__Your task__: Go through the listing and set it down exactly, leaving out its pictures.

__Exercise data__:
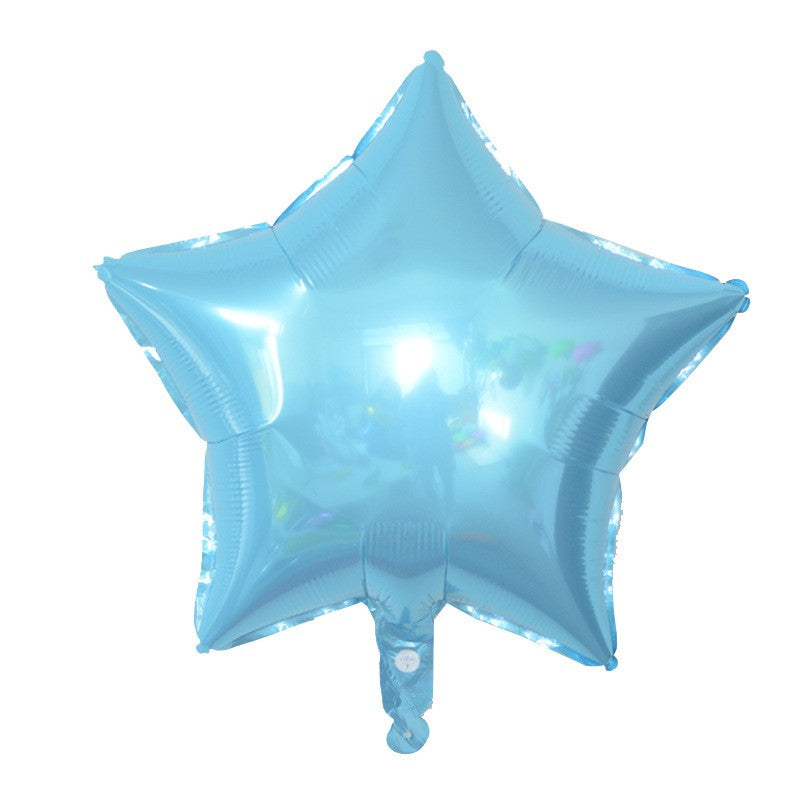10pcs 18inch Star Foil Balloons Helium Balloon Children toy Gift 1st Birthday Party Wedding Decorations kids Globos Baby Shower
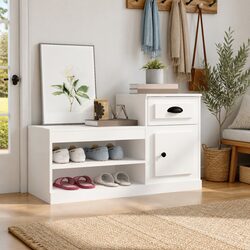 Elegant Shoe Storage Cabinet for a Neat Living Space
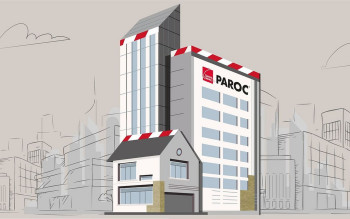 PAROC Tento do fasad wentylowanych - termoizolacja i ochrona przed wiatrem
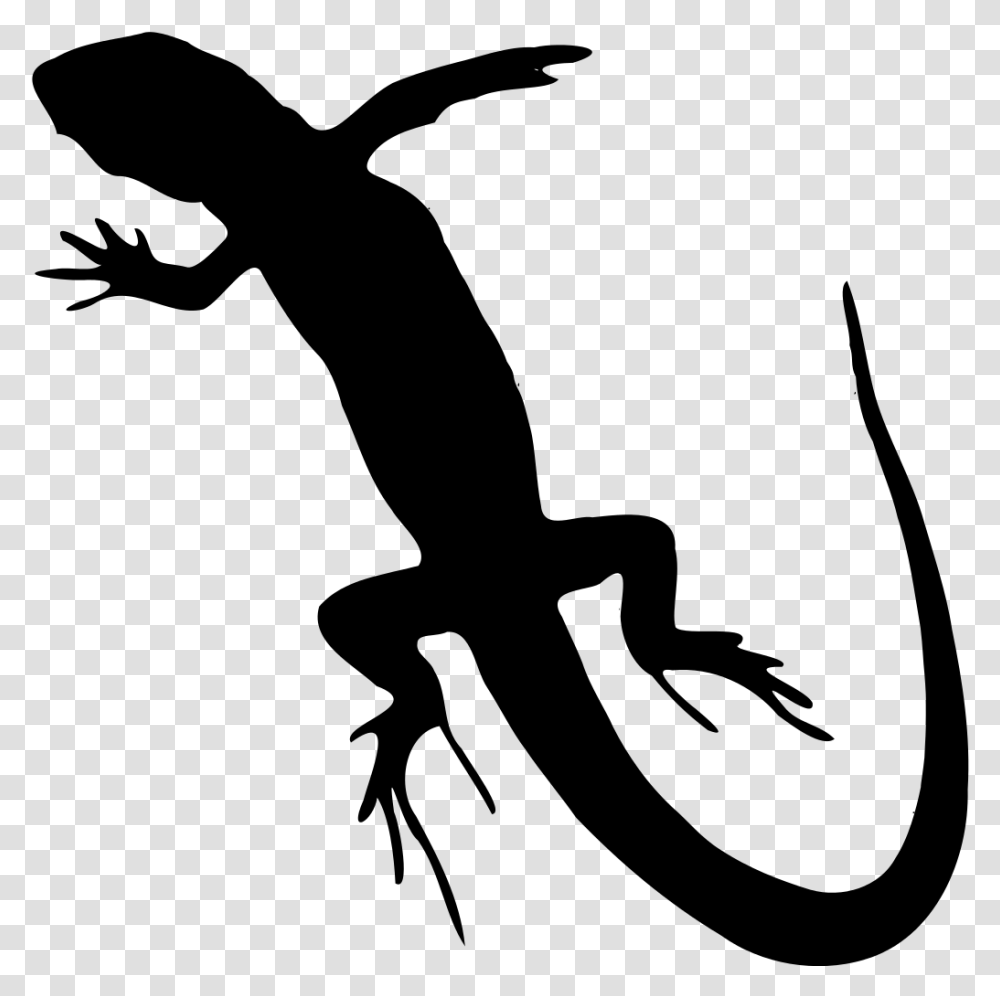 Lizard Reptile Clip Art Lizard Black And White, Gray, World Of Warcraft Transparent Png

__Answer for this exercise__:
10pcs 18inch Star Foil Balloons Helium Balloon Children toy Gift 1st Birthday Party Wedding Decorations kids Globos Baby Shower
 Elegant Shoe Storage Cabinet for a Neat Living Space
 PAROC Tento do fasad wentylowanych - termoizolacja i ochrona przed wiatrem
 Lizard Reptile Clip Art Lizard Black And White, Gray, World Of Warcraft Transparent Png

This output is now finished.